Councillors approve €35m plan for Dublin bikes expansion
Work to provide 950 new bikes to start in October
Approval for some 950 new bicycles and 58 additional hire points has been given.
Plans for the €35 million expansion of the Dublin bike scheme, with 950 new bicycles and 58 additional hire points, have been approved by Dublin city councillors.
Councillors last night ratified the plans, which will see the bike stations extended to Kilmainham in the west of the city and the O2 venue at North Wall Quay in the east. Construction work will begin in October and is due for completion by July 2014.
Under the original contract, advertising company JC Decaux provided 450 bicycles at 40 stations in exchange for the right to erect 72 advertising panels. The bicycles have been available for hire since September 2009 and the scheme has since been extended to 550 bicycles at 44 locations.
However, the new contract will not involve any additional advertising and instead the council will pay JC Decaux, €1.925 million a year for 10 years to run the service and maintain the bikes.
The council has secured €5.2 million from the National Transport Authority to cover most of the €6.1 million cost of installing the new stations.

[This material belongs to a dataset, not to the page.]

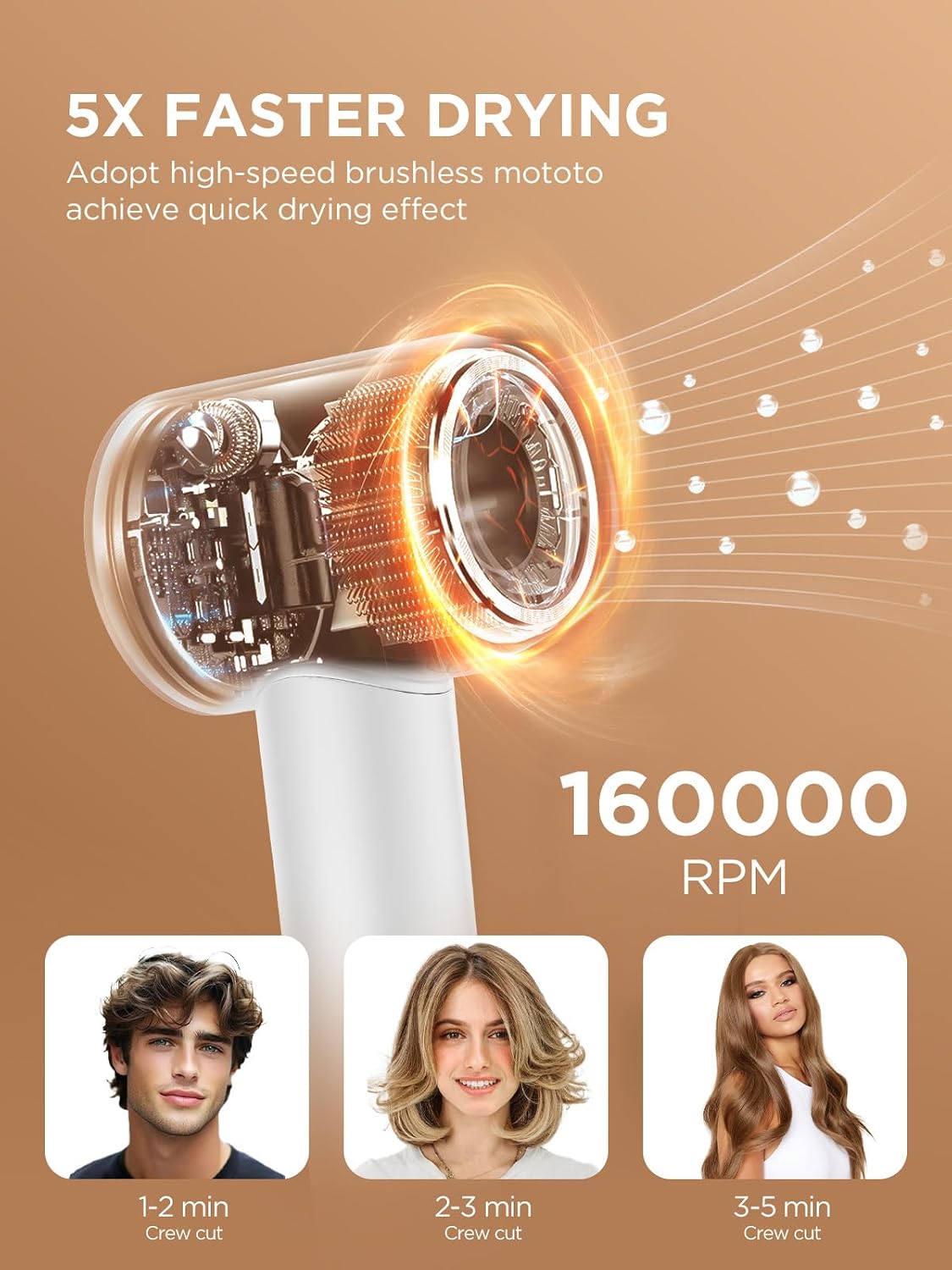 Dual Voltage Travel Hair Dryer with Diffuser. High-Speed Ionic Blow Dryer for Women. Fast Drying. Low Noise. Lightweight. No Heat Damage. European Travel 110V-120V/220V-240V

However, the annual subscription fee is to increase from €10 to €20 a year, or €2 to €5 for three days.
The council does not propose to increase the hire tariffs, which include 30 free minutes. However it estimates it will need to find €500,000 a year to supplement the running costs. It hopes to secure advertising sponsorship to help reduce this cost.

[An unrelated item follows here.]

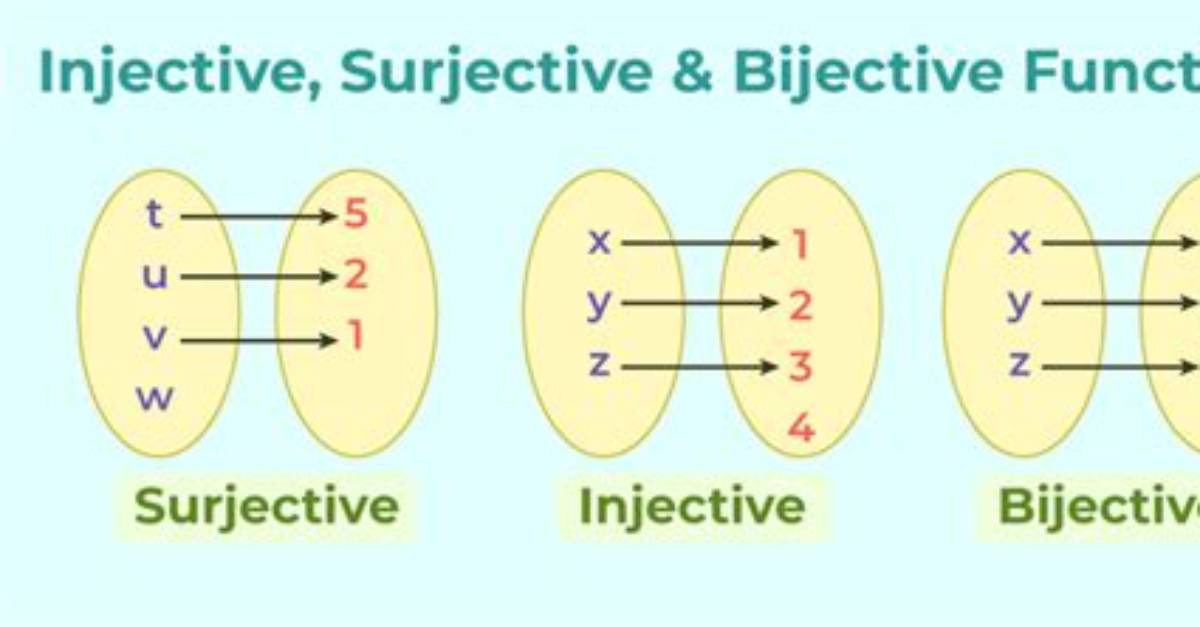 Injective in Discrete Maths?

Labour councillor Andrew Montague, who initially proposed the scheme in 2004, said the expansion east and west of the city centre was just the beginning of a plan to bring the bikes out into the suburbs.

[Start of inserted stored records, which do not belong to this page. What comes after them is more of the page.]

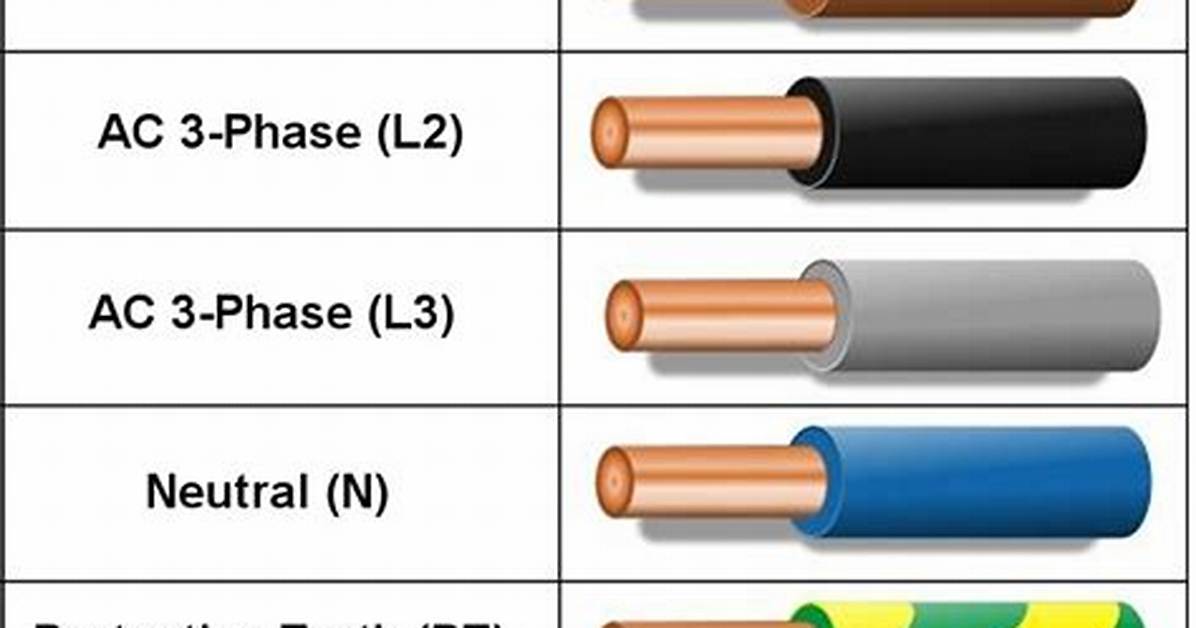 How to Wire an Ac Electric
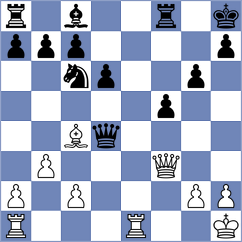 Horcajuelo Rocamora - Claverie (chess.com INT, 2022)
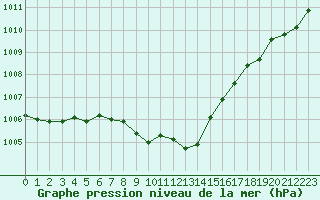 Courbe de la pression atmosphrique pour Lesko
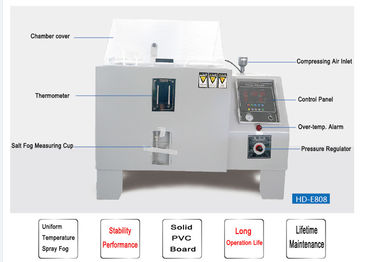 Laboratory Environmental Salt Spray and Salt Mist Corrosion Test Chamber with Power 1φ,220V/50HZ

“The 14-stage expansion plan will result in the availability of 5,000 bikes within the next four to five years.”
Drinks companies should be excluded from sponsorship, Labour’s Oisín Quinn said.
Councillors also approved plans last night for construction to start on the Sutton to Sandycove cycleway (S2S) around Dublin Bay, first proposed more than a decade ago.
Once complete, the S2S will provide a 22km continuous off-road cycle route around the bay. It would be one of the longest coastal promenades in Europe. The work approved by councillors last night will close the 2km gap in the current promenade and cycle path running from Clontarf to Sutton. The cycle path was put in place by the city council in the early 1990s but a gap was left between the Bull Wall and the Wooden Bridge because no solution could be found to building on the environmentally sensitive lagoon area.